0

As per business functionality we need to read multiple excel files(both .xls and .xlsx format) at different locations in a multi thread environment. Each thread is responsible for reading a file. In order to test the performance, we have created 2 file sets in both .xls and .xlsx formats. One file set has just 20 row data while other file set contains 300,000 row data. We are able successfully read both files in .xls formats and load data into the table. Even for 20 row data .xlsx file, our source code is working fine. But when the execution flow starts reading .xlsx file, application server is terminated abruptly.

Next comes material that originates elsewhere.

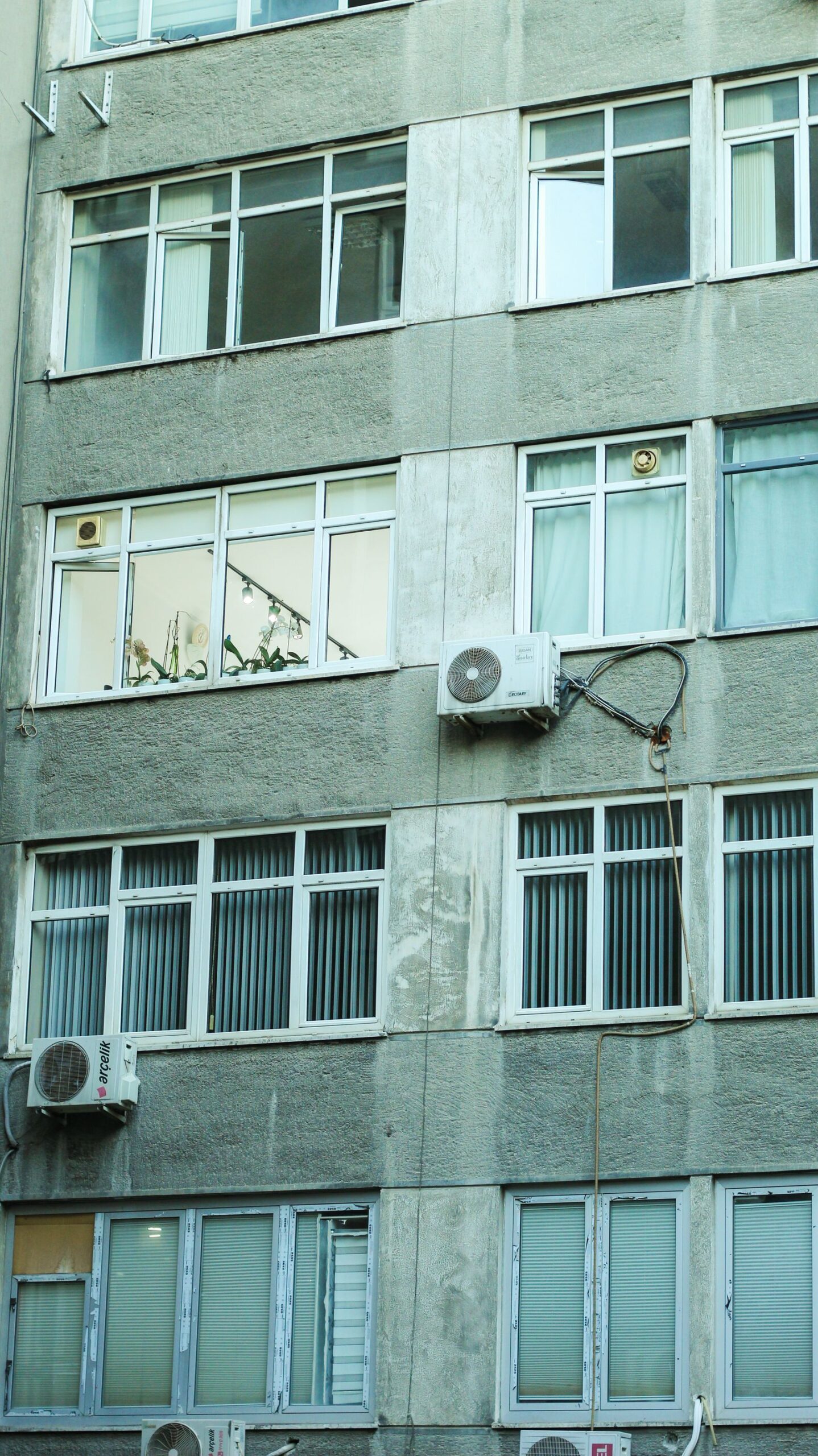 Unidad exterior de aire acondicionado colgada en la fachada de un edificio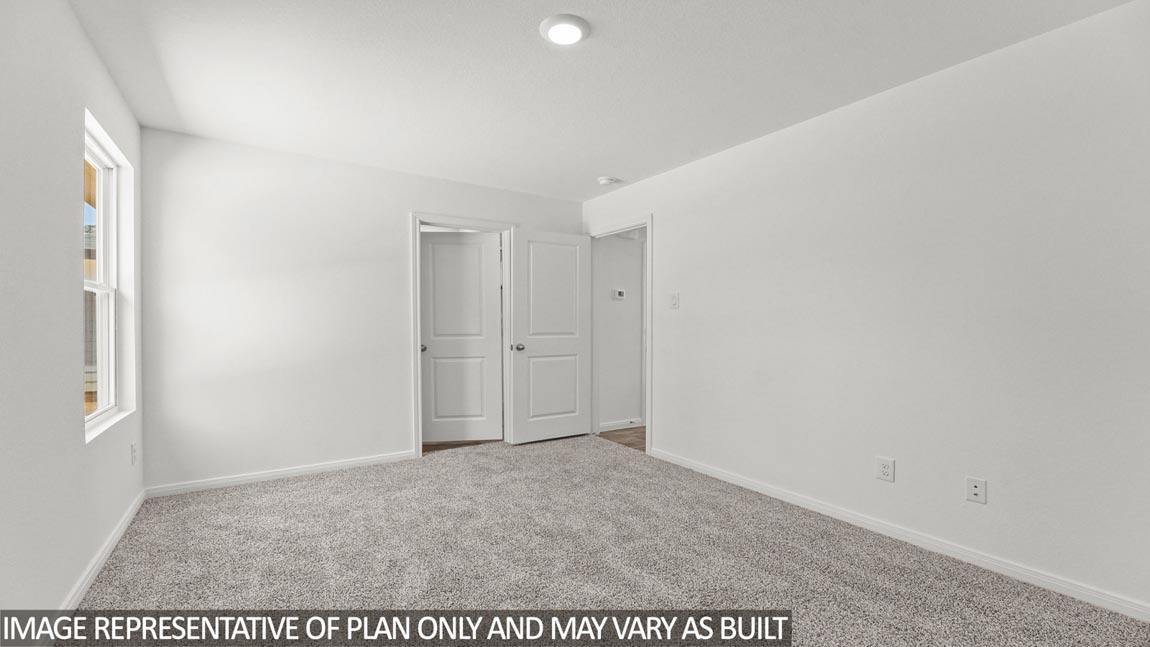 Primary bedroom with carpet flooring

When I started tracing down the issue, I have been facing a strange issue while creating XSSFWorkbook instance.Refer the code snippet below:

OPCPackage opcPackage = OPCPackage.open(FILE);
System.out.println("Created OPCPackage instance.");
XSSFWorkbook workbook = new XSSFWorkbook(opcPackage);
System.out.println("Created XSSFWorkbook instance.");
SXSSFWorkbook sxssfWorkbook = new SXSSFWorkbook(workbook, 1000);
System.out.println("Created SXSSFWorkbook instance.");[/code]

Output

Process XLSX file EXCEL_300K.xlsx start.
Process XLSX file EXCEL.xlsx start.
Created OPCPackage instance.
Created OPCPackage instance.
Created XSSFWorkbook instance.
Created SXSSFWorkbook instance.
Process XLSX file EXCEL.xlsx end.

For larger file set the execution hangs at XSSFWorkbook workbook = new XSSFWorkbook(opcPackage); causing heap space issue. Please do help me to fix this issue.

Thanks in advance.

Thanks,

Sankar.

  • This can either be an error in the library which leads to an endless loop (which will end in an OOME no matter what you do) or perhaps memory is simply to terse. Did you try to increase memory or did you monitor the growth of consumed memory ? – Marged Jul 02 '15 at 13:30
  • 1. I am using Apache POI -3.10 library for the above implementation. – Sankara Sarma Jul 02 '15 at 14:03
  • Great information. And what about the questions regarding memory ? How about updating to 3.12, there were a lof of fixes between 3.10 and 3.12 http://poi.apache.org/changes.html ? – Marged Jul 02 '15 at 14:04
  • 2. I have allocated maximum limit that JVM can use as 1.5 GB . I guess memory is not an issue because I am able to read 300,000 rows in .xls format. 3. We have a memory trace mechanism in place and observed that memory consumed by the process increased by time. By any chance is there any issue with the Apache POI library version that I am using? – Sankara Sarma Jul 02 '15 at 14:12
  • There were many issues, look at the changes made. If your problems still exists after updating to 3.12 you should file a bug. – Marged Jul 02 '15 at 16:42
  • @Marged Yes, that would be my next course of action on this problem. – Sankara Sarma Jul 02 '15 at 17:11
  • 1
    Did you [try following the "too much memory" instructions in the Apache POI FAQ](http://poi.apache.org/faq.html#faq-N10109)? – Gagravarr Jul 02 '15 at 17:27

1 Answers1

0

After trying lot of solutions I found out that processing XLSX files require huge memory. But using POI 3.12 library has multiple advantages.

  1. Processes excel files faster.
  2. Has more API's to handle excel files like closing a working book, opening a excel file using File instance etc.